TASK TO CARRY OUT
Exact copy, no pictures: return all the data below as written.

GIVEN INFORMATION
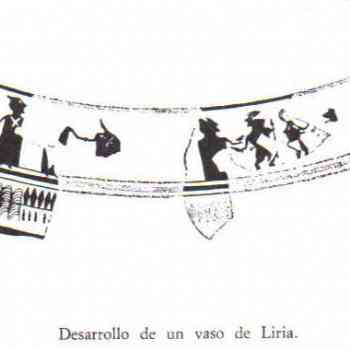 Danza de hombres y mujeres, personaje fálico, vaso de Llíria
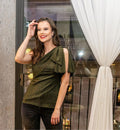 The Ritz-Carlton one-shoulder bow blouse top lurex sparkle cocktail black gold tunic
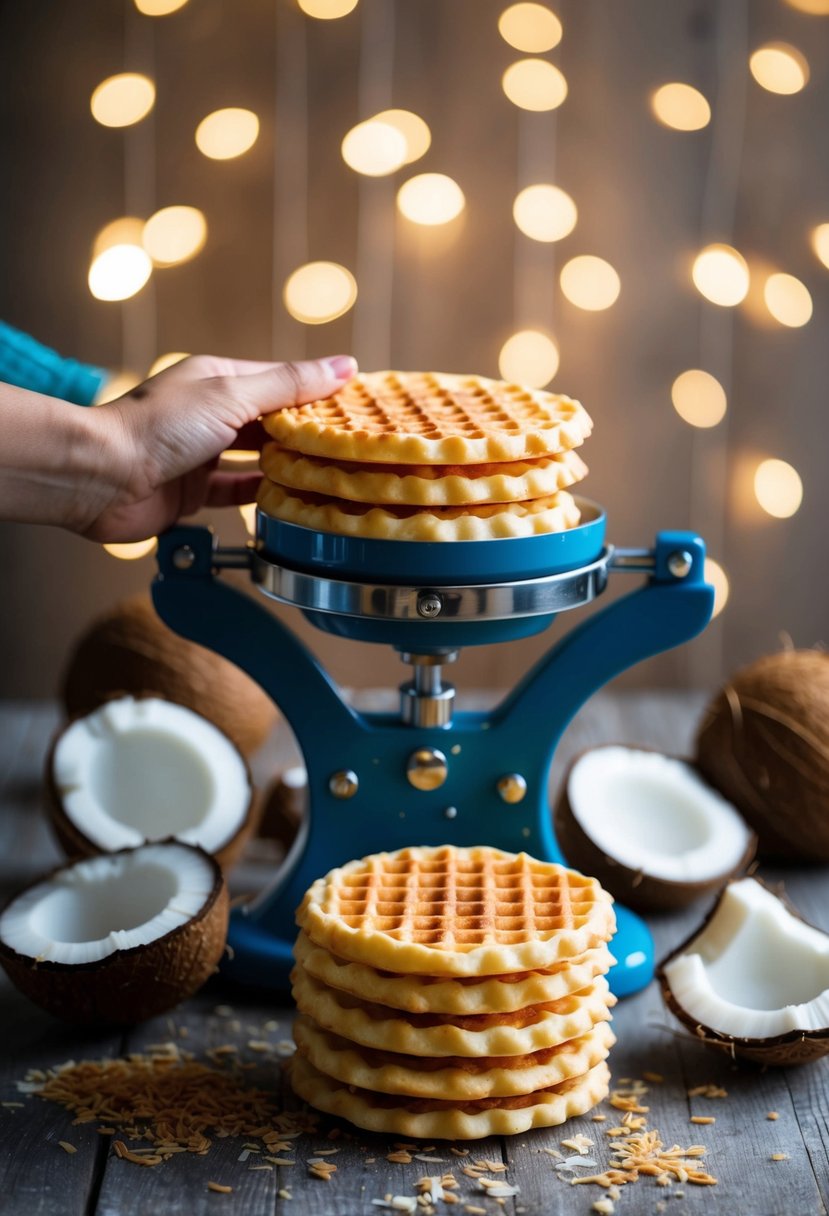 A pizzelle maker surrounded by coconut pizzelle ingredients and a stack of finished pizzelles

RESPONSE
 Danza de hombres y mujeres, personaje fálico, vaso de Llíria
 The Ritz-Carlton one-shoulder bow blouse top lurex sparkle cocktail black gold tunic
 A pizzelle maker surrounded by coconut pizzelle ingredients and a stack of finished pizzelles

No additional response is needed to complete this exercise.